--- Exercise brief ---
Copy the listing exactly; drop the pictures.

--- Given data ---
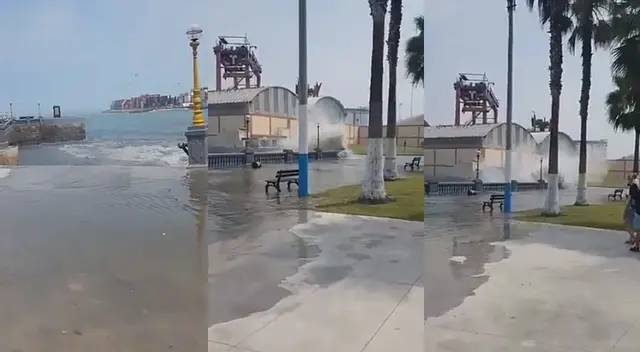 Cibernautas evidenciaron el oleaje anómalo en La Perla. Cibernautas evidenciaron el oleaje anómalo en La Perla.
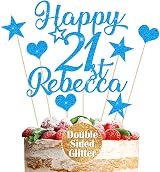 EDS G Personalised Cake Topper Multicoloured Glitter Happy Birthday Any Name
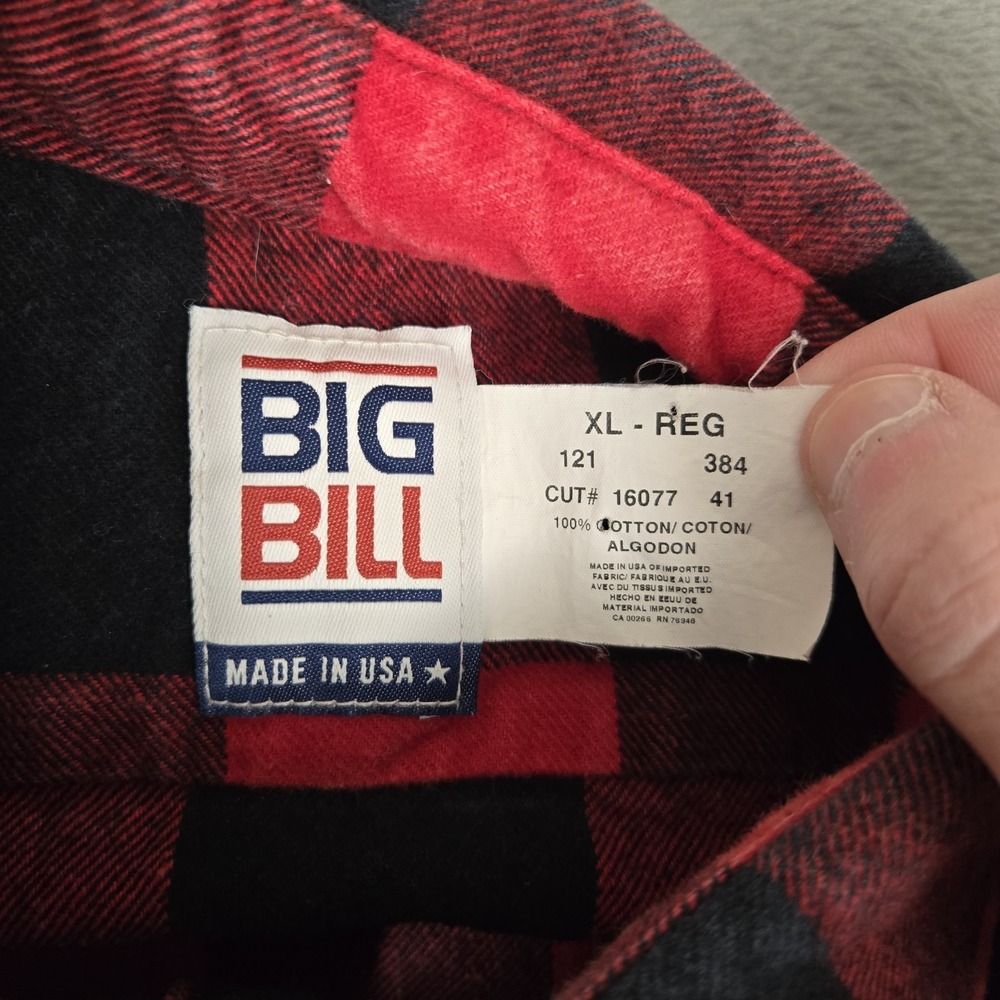 Big Bill Flannel Shirt Mens XL Button-Up Red Plaid Heavyweight USA Made *READ - Picture 3 of 8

--- Result ---
 Cibernautas evidenciaron el oleaje anómalo en La Perla. Cibernautas evidenciaron el oleaje anómalo en La Perla.
 EDS G Personalised Cake Topper Multicoloured Glitter Happy Birthday Any Name
 Big Bill Flannel Shirt Mens XL Button-Up Red Plaid Heavyweight USA Made *READ - Picture 3 of 8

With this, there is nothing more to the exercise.